Der Angeklagte in einem Prozess um sexuelle Nötigung betritt den Gerichtssaal. Der inzwischen vom Dienst freigestellte Inspekteur der Polizei soll im November 2021 in Stuttgart eine Polizeibeamtin sexuell belästigt haben. (Foto: dpa Bildfunk, picture alliance/dpa | Bernd Weißbrod)

#MeToo-Verfahren BW

Staatsanwaltschaft will Freispruch für Polizei-Inspekteur anfechten

Stand

Der Inspekteur der Polizei ist im Prozess um sexuelle Nötigung einer Kollegin freigesprochen worden. Die Staatsanwaltschaft will Revision einlegen.

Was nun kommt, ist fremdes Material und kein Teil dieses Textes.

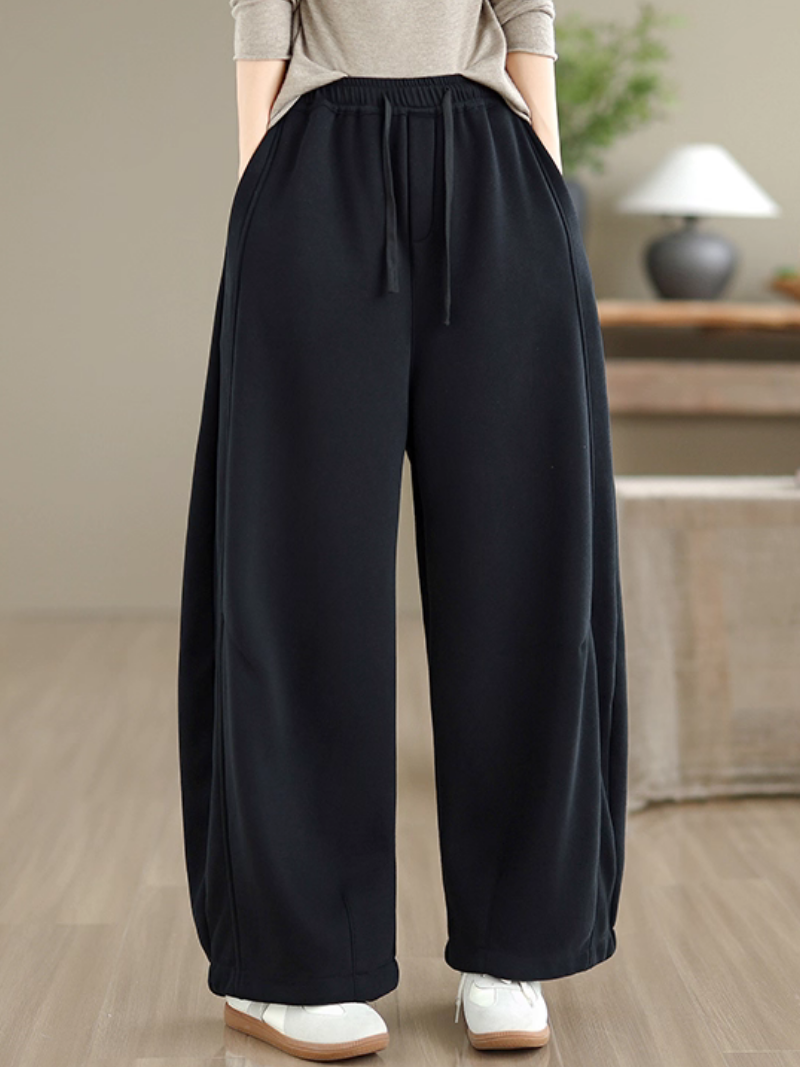 Elevated Wide-Leg Women’s Sweatpants, Fleece Warmth with High-Rise Ease Everyday Style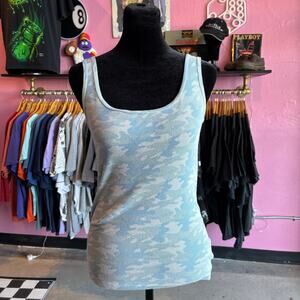 Y2K Camo Blue Tank Top Size S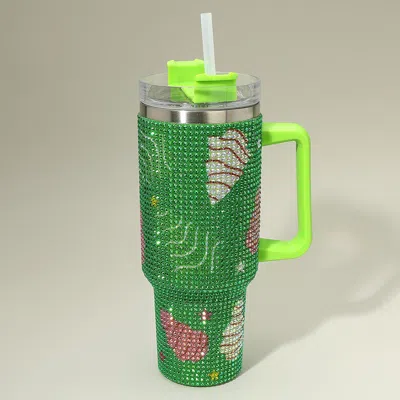 Fashnzfab Bling Studded Christmas Tree 40oz Stainless Steel Tumbler With Handle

Im Prozess gegen den baden-württembergischen Inspekteur der Polizei ist der Angeklagte freigesprochen worden. Das entschied das Landgericht Stuttgart am Freitag. Dem 50-jährigen Spitzenbeamten wurde vorgeworfen, im November 2021 eine jüngere Hauptkommissarin sexuell genötigt zu haben. In dem Verfahren ging es um die Frage, ob der ranghöchste Polizist des Landes seine Machtstellung als Vorgesetzter missbrauchte, um die Kommissarin zu sexuellen Gefälligkeiten zu drängen.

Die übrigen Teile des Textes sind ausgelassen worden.